Tras pasar por trances de este tipo, el alcohol y las drogas son los principales peligros para los padres y jóvenes de la familia. Por regla general, el padre reanuda casi de inmediato la actividad laboral, para no perder el trabajo, pero también porque así parece que la vida sigue como antes. Se vuelca en el trabajo y regresa a casa cada vez más tarde. También es posible que, al ver que no se concentra, su jefe le llame la atención para que «se serene». Entonces, quizás él reaccione parándose en un bar a tomar algo, reprimiéndose lo que desearía responder al jefe por su falta de sensibilidad.

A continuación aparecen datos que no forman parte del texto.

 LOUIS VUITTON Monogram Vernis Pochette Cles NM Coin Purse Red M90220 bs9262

Es como un polvorín que estalla a la mínima provocación de un colega.

A veces la gente que rodea a estas personas con problemas, las evita para no molestarlas, con lo que el afectado se sentirá además aislado y abandonado El cónyuge tanto puede sentir de modo parecido como no entender nada, y pasar mucho tiempo sin responder al contacto físico, lo cual aumenta la sensación de abandono.

Un hombre cuyo hijo fue intencionadamente atropellado por un coche conducido por un adolescente iracundo (que había visto al niño rayando el capó de su coche), fue luego incapaz de volver a conducir. Más tarde explicó que temía matar a alguien si un coche se le acercaba demasiado.

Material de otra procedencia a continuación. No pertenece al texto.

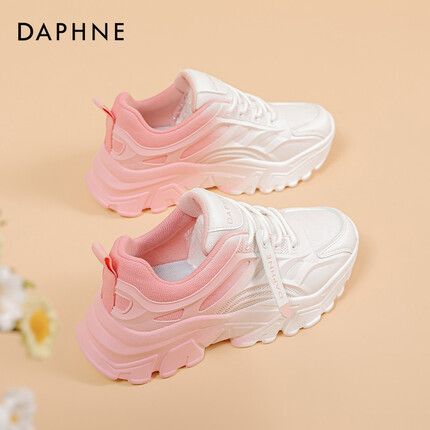达芙妮(DAPHNE)老爹鞋女鞋2023新款网面透气渐变色休闲厚底运动鞋女款春夏款 白粉色 37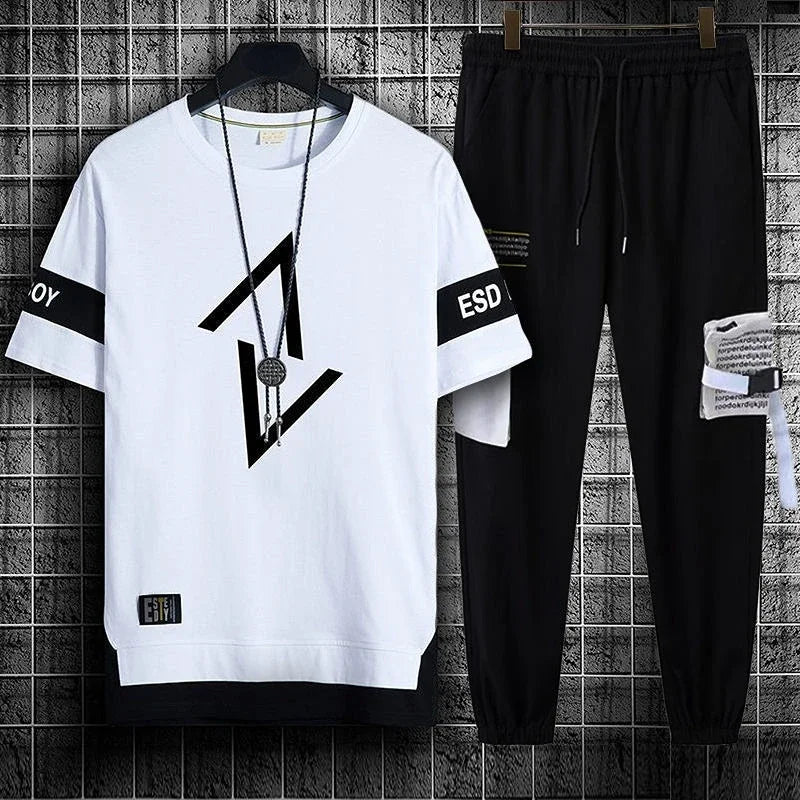 Pants Sets Graphic Top Black Tracksuit Sportswear Men's Clothing Jogging Sports Suits Fashion T Shirt Man Offer Trend Popular Xl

Esas personas no necesitan una larga terapia psiquiátrica. Su reacción, comprensible pese a ser enfermiza, se debe a la acumulación mental de enfado y rabia reprimida, a la indignación frente a la injusticia y a otros «asuntos pendientes». Si reciben ayuda inmediata de los que han aprendido de la vida, de los que comprenden en lugar de juzgar, de los que aman incondicionalmente en lugar de esperar cosas concretas, encontrarán cerca de ellos un lugar seguro donde exteriorizar sus emociones contenidas, hacer trizas algún objeto y gritar su rabia e impotencia, y podrán así sentirse aliviados y liberados de la agotadora represión de esos «sentimientos inaceptables y, en última instancia, destructivos». Ésa es la finalidad de nuestros cursillos, de nuestros sistemas de apoyo mutuo y de nuestras salas especiales reservadas para gritar.

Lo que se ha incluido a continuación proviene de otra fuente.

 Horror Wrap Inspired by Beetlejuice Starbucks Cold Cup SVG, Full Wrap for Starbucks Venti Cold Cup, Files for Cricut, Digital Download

Hay madres de niños asesinados que al principio se sienten incapaces de ir al supermercado, de llevar a sus hijos al parque en cochecito, o de ir por el «mundo», porque todo ello les parece cruel y frío. No comprenden por qué la gente no quiere hablar de su Susy, ni por qué sacan a colación trivialidades y se preocupan de las próximas elecciones. No se explican por qué los vecinos ya no vienen y el viejo vendedor de huevos ya no se para a charlar. Maldicen al mundo por seguir como siempre. Y luego se dan cuenta, a veces de golpe y a veces poco a poco, que ellos antes de la tragedia hacían lo mismo.

Tal vez en algunos momentos tengan terribles deseos de venganza, de tomar represalias, de desquitarse con el criminal que segó la vida de su hijo. Al mismo tiempo temen encontrar al asesino y tener que enfrentarse con él en un juicio, reprimir sus deseos de venganza, sus propios impulsos asesinos, y la necesidad de tomarse la justicia por su mano.

Critican al sistema judicial por indulgente, lento, parcialidad y escasa sensibilidad para comprender a la familia de la víctima. Recuerdan las historias del «Lejano Oeste», cuando los

hombres del pueblo tomaban la justicia por su mano y linchaban a los culpables, y fantasean sobre cómo acabarían con el asesino. No advierten que esa reacción es similar a la del acusado, quien, por algún sentimiento —consciente o inconsciente— de injusticia en su vida, acabó por convertirse en asesino. Ignoran que todos los seres humanos son capaces de transformarse en un Hitler, aunque también tienen la capacidad de convertirse en una Madre Teresa.